== Requirement ==
Write out again only the lines running from the one that contains "Alfombra de Oración" to the end of the records below, including both the first and the last.

== Data section ==
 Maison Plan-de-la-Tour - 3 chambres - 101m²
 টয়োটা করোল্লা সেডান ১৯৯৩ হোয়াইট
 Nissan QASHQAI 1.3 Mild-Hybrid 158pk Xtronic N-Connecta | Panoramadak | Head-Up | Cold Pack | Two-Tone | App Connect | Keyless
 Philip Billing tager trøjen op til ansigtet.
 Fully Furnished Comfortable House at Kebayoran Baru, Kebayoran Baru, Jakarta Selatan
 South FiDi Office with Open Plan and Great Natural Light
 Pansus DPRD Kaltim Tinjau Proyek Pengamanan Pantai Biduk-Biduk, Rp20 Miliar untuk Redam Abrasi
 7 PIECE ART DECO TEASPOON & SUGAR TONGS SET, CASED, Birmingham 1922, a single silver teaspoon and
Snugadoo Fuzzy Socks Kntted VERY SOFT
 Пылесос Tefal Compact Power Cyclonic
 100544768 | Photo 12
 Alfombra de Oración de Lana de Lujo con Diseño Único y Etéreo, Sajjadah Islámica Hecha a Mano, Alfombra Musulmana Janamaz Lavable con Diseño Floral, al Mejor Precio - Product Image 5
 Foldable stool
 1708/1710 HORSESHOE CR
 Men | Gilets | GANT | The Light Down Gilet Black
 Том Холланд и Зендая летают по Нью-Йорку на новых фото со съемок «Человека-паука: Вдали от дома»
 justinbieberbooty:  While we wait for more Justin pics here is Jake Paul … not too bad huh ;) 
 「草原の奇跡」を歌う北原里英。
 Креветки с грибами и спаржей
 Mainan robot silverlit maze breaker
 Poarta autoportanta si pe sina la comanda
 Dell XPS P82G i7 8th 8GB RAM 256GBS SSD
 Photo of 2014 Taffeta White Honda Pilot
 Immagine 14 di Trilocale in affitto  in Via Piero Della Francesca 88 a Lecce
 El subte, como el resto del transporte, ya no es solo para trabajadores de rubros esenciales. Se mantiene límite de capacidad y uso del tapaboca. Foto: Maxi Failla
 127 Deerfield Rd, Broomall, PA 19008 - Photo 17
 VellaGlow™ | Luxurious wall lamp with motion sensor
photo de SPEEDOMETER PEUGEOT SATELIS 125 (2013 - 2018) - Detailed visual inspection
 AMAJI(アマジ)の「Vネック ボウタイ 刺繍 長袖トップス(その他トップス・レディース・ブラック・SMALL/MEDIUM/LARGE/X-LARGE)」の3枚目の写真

== Solution to this problem ==
 Alfombra de Oración de Lana de Lujo con Diseño Único y Etéreo, Sajjadah Islámica Hecha a Mano, Alfombra Musulmana Janamaz Lavable con Diseño Floral, al Mejor Precio - Product Image 5
 Foldable stool
 1708/1710 HORSESHOE CR
 Men | Gilets | GANT | The Light Down Gilet Black
 Том Холланд и Зендая летают по Нью-Йорку на новых фото со съемок «Человека-паука: Вдали от дома»
 justinbieberbooty:  While we wait for more Justin pics here is Jake Paul … not too bad huh ;) 
 「草原の奇跡」を歌う北原里英。
 Креветки с грибами и спаржей
 Mainan robot silverlit maze breaker
 Poarta autoportanta si pe sina la comanda
 Dell XPS P82G i7 8th 8GB RAM 256GBS SSD
 Photo of 2014 Taffeta White Honda Pilot
 Immagine 14 di Trilocale in affitto  in Via Piero Della Francesca 88 a Lecce
 El subte, como el resto del transporte, ya no es solo para trabajadores de rubros esenciales. Se mantiene límite de capacidad y uso del tapaboca. Foto: Maxi Failla
 127 Deerfield Rd, Broomall, PA 19008 - Photo 17
 VellaGlow™ | Luxurious wall lamp with motion sensor
photo de SPEEDOMETER PEUGEOT SATELIS 125 (2013 - 2018) - Detailed visual inspection
 AMAJI(アマジ)の「Vネック ボウタイ 刺繍 長袖トップス(その他トップス・レディース・ブラック・SMALL/MEDIUM/LARGE/X-LARGE)」の3枚目の写真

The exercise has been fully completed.